Ne var ki, İsrail halkı bu büyük ayrıcalığa rağmen Tanrı’nın yollarını yavaş yavaş unuttular ve putperestliğe kapıldılar. Tanrı’ya başkaldıran krallık ikiye bölündü. Sayısız kez uyarıldıkları halde, önce İsrail Krallığı, ardından Yahuda Krallığı korkunç birer yıkıma uğradılar. Kutsal kent Yeruşalim ateşe verildi. Tanrı’nın tapınağı yerle bir edildi; genç, yaşlı, kadın, erkek ayırmadan hepsi öldürüldü, zincire vurularak esir alındı. Rab’bin çok önceden uyardığı şekilde, hayatta kalanlar Babil’e sürüldüler. Hepsi Tanrı’nın gazabına uğradılar.

Daha önce gördüğümüz gibi, 70 yıllık ceza Rab’bin vaadi uyarınca sona erdiği zaman, küçük bir topluluk Babil’deki sürgünden döndü. Pers kralının buyruğuyla Tanrı’nın tapınağını yeniden inşa etmeye başladılar. Ancak Yeruşalim’in civarında İsrail’den yana olan kimse yoktu. Düşmanlar sürekli engel çıkardılar ve inşaatı durdurmayı başardılar. Halk da pes etti.

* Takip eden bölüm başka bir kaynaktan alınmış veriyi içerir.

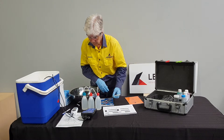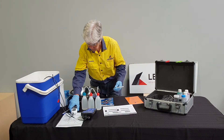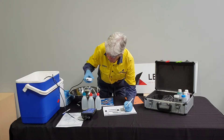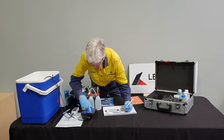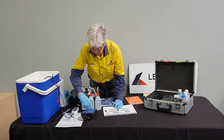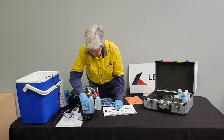Now Serena records the temperature of the certified thermometer and the temperature on the metre. To calibrate the metre, Serena follows the process as set out in the operating manual and completes the paperwork.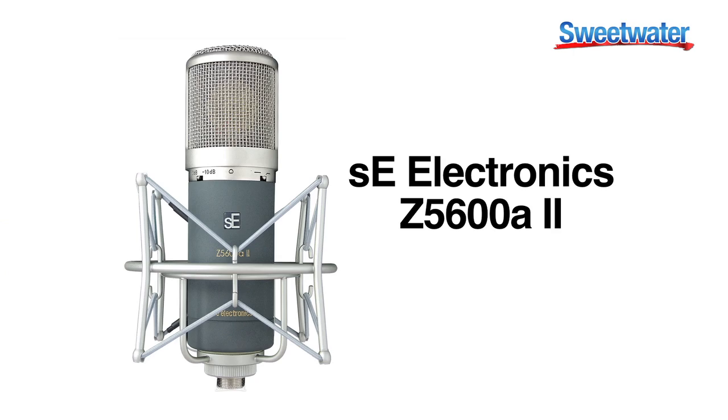Hello, my name is Vern Cruz and I'm the director of Sweetwater's Music Education Technology Division. I'm here to speak with you today about the SE Electronics 5600A Mark II tube condenser microphone.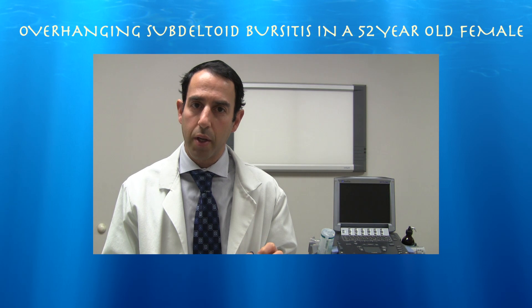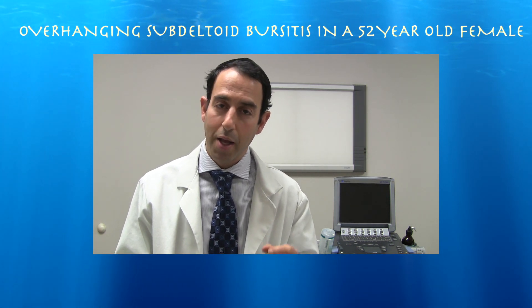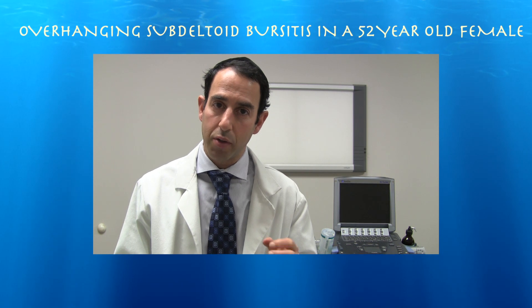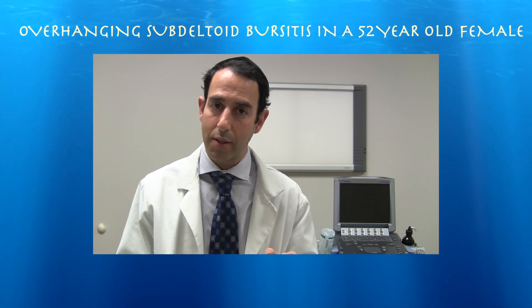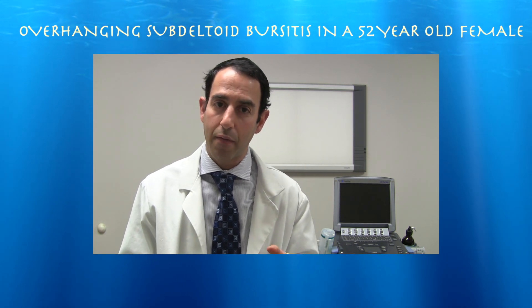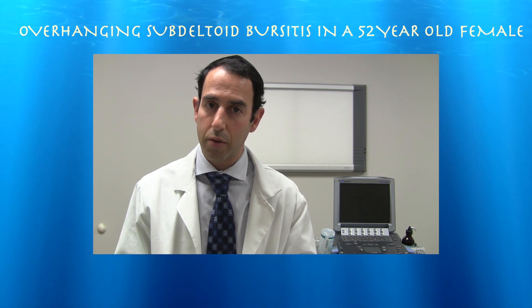This is a 52-year-old female. We're doing essentially a diagnostic shoulder scan on her, which was significant for an overhanging subdeltoid bursitis. I was also able to appreciate some rotator cables during this exam, and we decided to aspirate a little bit of fluid out of that overhanging subdeltoid bursa and then injected her with some cortisone.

Ruhsal durum: Düşman güçlüydü, halk zayıftı ve Tanrı’nın vaatleri henüz gerçekleşmiş değildi. Bu nedenle cesaretlerini yitirmiş ve hayal kırıklığına uğramışlardı. Yaşlılar Yeruşalim’in eski görkemini düşünüyor, şu anki perişan durumu gördükçe ağlıyorlardı. Yaşadıkları dönemi “Küçük işleri yapma günü” olarak adlandırdılar. İmanları yoktu.

Sürgün sonrasında yaşanan bu zor durumda, Rab halkına Hagay ve Zekeriya peygamberleri gönderdi. Halkını ruhça geliştirip yüreklendirmek için, bu iki peygamber aracılığıyla onlara seslendi. Gözlerini açmalarını ve durumu Tanrı’nın bakış açısından değerlendirmelerini istedi. Böylece, ruhsal güç bulan iki lider Zerubbabil ile Yeşu “tapınağı yeniden kurmaya giriştiler. Tanrı’nın peygamberleri de onlarla birlikteydi ve onlara yardım ediyordu” (Ezr.5:1-2).

Bizim de Rab’bin işini yapabilmek için her şeyden çok ruhsal güce ihtiyacımız var. Tanrı’nın peygamberlik sözlerini duymadan asla devam edemeyiz. Hele Mesih’e iman eden bizler! Elçi Petrus mektubunda bizi şöyle teşvik etmektedir: “Peygamberlerin sözleri bizim için daha da büyük kesinlik kazanmıştır. Gün ağarıp sabah yıldızı yüreklerinizde doğuncaya dek, karanlık yerde ışık saçan çıraya benzeyen bu sözlere dikkat ederseniz, iyi edersiniz” (2Pe.1:19).